いちばん楽しいときが「売る」タイミング

事業を閉鎖するのは非常にもったいないことです。取引先、お客さま、従業員にも迷惑がかかります。できれば、親族への承継にて会社を継続したいところですが、実際には最近、親族への承継が難しくなっています。将来性のないビジネスを、自分の親と同じような年齢の古参幹部と一緒にやろうなどという経営者の子どもたちが少なくなってきているからなのです。

そこで考えておくべきことが、事業を売却すること、いわゆるM&Aによるexitです。M&Aはタイミングが重要なので、なかなか事前に計画することは難しい。しかし、少ないタイミングを確実に活かすためにも、いつでも「レディの状態」にしておくことが重要です。会社をいちばん高い値段で売ることができるのは、売上・利益が最も伸びているとき、経営者としていちばん楽しいときです。そのときに、あなたの会社を買ってくれる先をいったん真剣に探してみて下さい。そして、客観的なあなたの会社の価値を知って下さい。その金額以上にこの先稼ぐ自信がなければ、その時が会社を売るベストのタイミングです。
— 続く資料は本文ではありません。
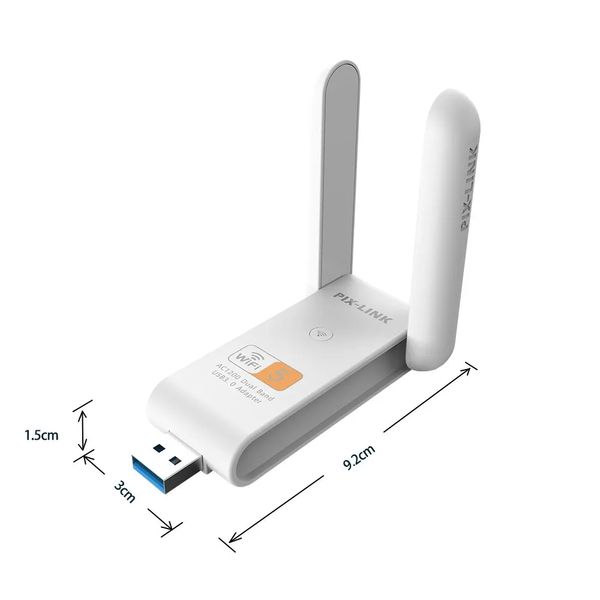 USB 3.0 WiFi адаптер PIX-LINK 1200 Mbps 2.4GHz/5GHz Adapter Dual Band id_2646 фото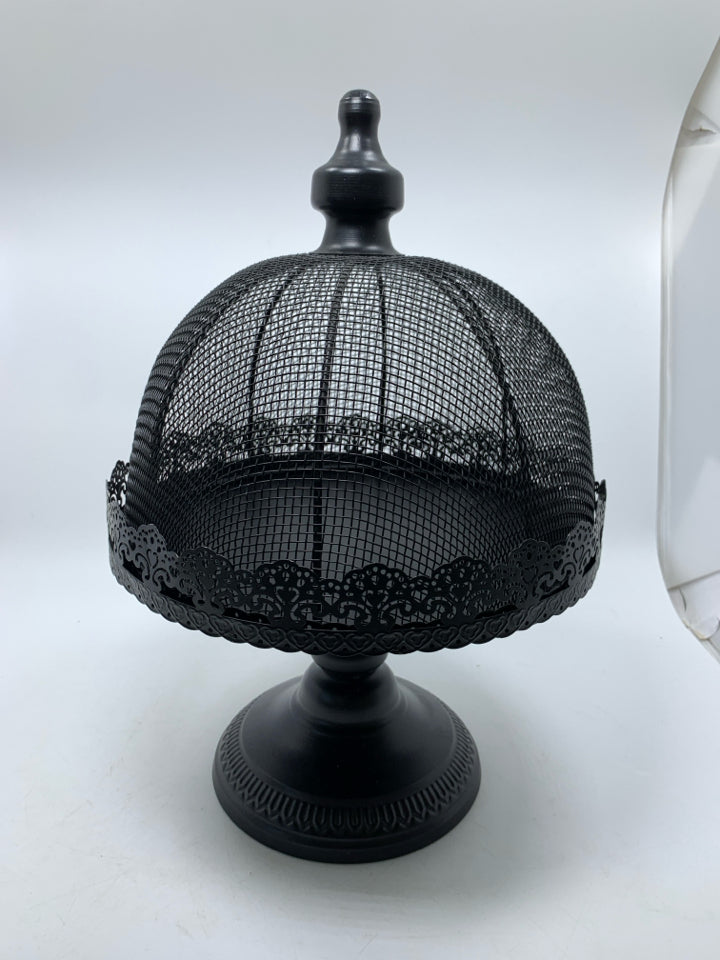 BLACK METAL CAKE STAND W/ DOME.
今日、「あなたの会社を買いたいから、経営戦略や財務状況を説明してほしい」と依頼されたら、依頼主が納得できる説明ができますか? そして自分がいなくなった後にビジネスを継続できるような後継者の育成や、組織づくりができていますか? こういった準備を万端にしておくことが、「レディの状態」ということです。「この会社だったらお金を出しても良い」と誰もが思えるような状態になれば、いつでも会社を第三者に譲ることが可能になります。